The parameters dat, xname, yname and ... must be present. Additional arguments can be added.

p <- plottr(mtcars, yvar = "disp", yclass = "numeric", 
            FUN3 = custom_plot_for_continuous_vars)
plot(p$mpg)

FUN3 argument is used for generating plots for Continuous independent and Continuous dependent variables. This will update the right plot. Left (Univariate) plots can also be changed by using FUN1 (for Continous) and FUN2 (for Categorical) variables.

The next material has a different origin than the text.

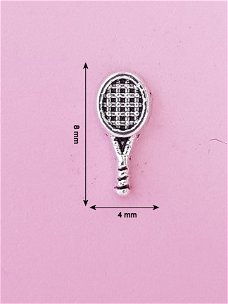 Bedel / Charm 0117, Tennis racket (zilver)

# Define a function for plot for continuous independent and Continuous dependent variables
custom_plot2 <- function(dat, xname, ...) {

  # histogram
  p1 <- ggplot(dat, aes_string(x=xname)) +
    geom_histogram(fill="#77bf85", color = "black") +
    theme_minimal()

  return(p1)

}

p <- plottr(mtcars, yvar = "disp", yclass = "numeric",
            FUN1 = custom_plot2, 
            FUN3 = custom_plot_for_continuous_vars)
plot(p$mpg)

Example - Correlation and Association

analyzer can also be used to get the measure of association between the variables for the complete dataset. For two continuous variables it can find the pearson, spearman and kendall correlation based on normality assumption. For two categorical variables it can be used to get the Chi Square p-value or Cramer's V value. Between one continuous and one categorical analyzer can use t-test, Mann-Whitney, Kruskal-Wallis and ANOVA test. The association test depends on multiple criteria including number of unique values in categorical feature, normality test and equal variance test. Equal variance test, in turn, is done by Bartlett's test or Fligner-Killeen test based on normality assumption. Normality test can also be performed using multiple tests (see the normality test section).

The most simple use is:

corr_all <- association(mtcars, categorical = c('cyl', 'vs', 'am', 'gear'), normality_test_method = 'ks')

In above example we have defined 'cyl', 'vs', 'am', 'gear' variables as categorical and set the Kolmogorov-Smirnov test as the normality test method. This returns a list of 6 data.frames. The function selects the method automatically based on different normality and equal variance tests. The selected methods can be seen by

corr_all$method_used

The methods for association can be changed by using the method1 (between 2 continuous variable) or method3 (between continuous and categorical variables). The default is 'auto' for automatic selection. Method can also be changed at the variables pair level by using methodMats argument in following way. Define a data.frame in following way and pass it through methodMats:

corr_all$method_used

This data.frame can take values like the one returned originally:

between continuous-continuous variables ("auto", "pearson", "kendall", "spearman")
between continuous-categorical variables ("auto", "t-test", "ANOVA", "Mann-Whitney", "Kruskal-Wallis")
between categorical-categorical variables can be anything

But its advisable to pass values like below because t-test and ANOVA are both for parametric test but depends on number of unique values in the categorical variable. If 'parametric' is used instead of 'ANOVA' or 't-test' then function identifies between 'ANOVA' or 't-test' automatically.

between continuous-continuous variables ("auto", "pearson", "kendall", "spearman")
between continuous-categorical variables ("auto", "parametric", "non-parametric")
between categorical-categorical variables can be anything

Example - Normality test

analyzer also gives the function to do normality test using three different methods:

Shapiro-Wilk test
Anderson-Darling test
Kolmogorov-Smirnov test

norm_test_fun(mtcars$mpg, method = "anderson")

Example - Analyzing merge

analyzer can be used to get the summary of data pre and post merge.

A <- data.frame(id = c("A", "A", "B", "D", "B"),
                valA = c(30, 83, 45, 2, 58))

B <- data.frame(id = c("A", "C", "A", "B", "C", "C"),
                valB = c(10, 20, 30, 40, 50, 60))


merged <- mergeAnalyzer(A, B, allow.cartesian = T)

Above print shows that left data (A) has sum of valA column = 218. After merge it became 329, which is 1.51 times (shown in column remainingWRTx). Similarly, right data (B) has sum of valB column = 210. After merge it became 160 which is 0.76 of original sum (shown in column remainingWRTy). First row shows the number of rows. in left (A), right (B) and merged data.